Items from a dataset:
■ ■ ■

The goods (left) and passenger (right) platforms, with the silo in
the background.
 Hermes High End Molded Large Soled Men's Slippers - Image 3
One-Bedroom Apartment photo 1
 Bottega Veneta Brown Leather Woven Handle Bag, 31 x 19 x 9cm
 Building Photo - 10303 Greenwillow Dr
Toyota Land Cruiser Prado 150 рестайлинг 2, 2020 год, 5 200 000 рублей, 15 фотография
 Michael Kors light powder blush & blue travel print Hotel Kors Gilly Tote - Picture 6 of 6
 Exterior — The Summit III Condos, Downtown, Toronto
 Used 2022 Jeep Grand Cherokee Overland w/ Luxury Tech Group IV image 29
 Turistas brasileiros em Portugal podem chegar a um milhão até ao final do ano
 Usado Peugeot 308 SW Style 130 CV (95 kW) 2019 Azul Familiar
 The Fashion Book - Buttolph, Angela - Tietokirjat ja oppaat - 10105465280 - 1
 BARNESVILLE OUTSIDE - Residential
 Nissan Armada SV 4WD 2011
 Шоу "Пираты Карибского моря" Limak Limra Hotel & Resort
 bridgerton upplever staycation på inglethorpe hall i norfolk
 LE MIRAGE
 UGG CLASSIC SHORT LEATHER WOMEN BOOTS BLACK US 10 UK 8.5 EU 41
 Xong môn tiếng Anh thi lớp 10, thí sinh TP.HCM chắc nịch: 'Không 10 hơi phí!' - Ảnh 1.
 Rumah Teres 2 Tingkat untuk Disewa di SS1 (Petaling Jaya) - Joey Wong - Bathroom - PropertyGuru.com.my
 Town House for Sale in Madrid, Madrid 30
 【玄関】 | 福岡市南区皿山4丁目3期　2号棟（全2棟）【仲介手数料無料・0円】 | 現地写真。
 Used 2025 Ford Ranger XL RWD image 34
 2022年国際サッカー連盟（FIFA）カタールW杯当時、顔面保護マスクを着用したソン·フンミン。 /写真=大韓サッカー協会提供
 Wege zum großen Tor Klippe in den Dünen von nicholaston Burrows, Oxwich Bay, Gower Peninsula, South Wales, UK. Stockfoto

■ ■ ■

Task statement: Look through the entries and find each line that has the string "Hotel". Copy those lines.

Result:
 Michael Kors light powder blush & blue travel print Hotel Kors Gilly Tote - Picture 6 of 6
 Шоу "Пираты Карибского моря" Limak Limra Hotel & Resort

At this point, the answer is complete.